| Task input |

•••

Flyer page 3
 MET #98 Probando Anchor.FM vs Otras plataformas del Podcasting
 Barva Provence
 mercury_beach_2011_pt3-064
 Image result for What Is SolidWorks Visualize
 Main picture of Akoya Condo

•••

| Work task |
In the answer, return exactly the lines from the line containing "MET #98 Probando" to the end of the records above, and no others.

| Written answer |
 MET #98 Probando Anchor.FM vs Otras plataformas del Podcasting
 Barva Provence
 mercury_beach_2011_pt3-064
 Image result for What Is SolidWorks Visualize
 Main picture of Akoya Condo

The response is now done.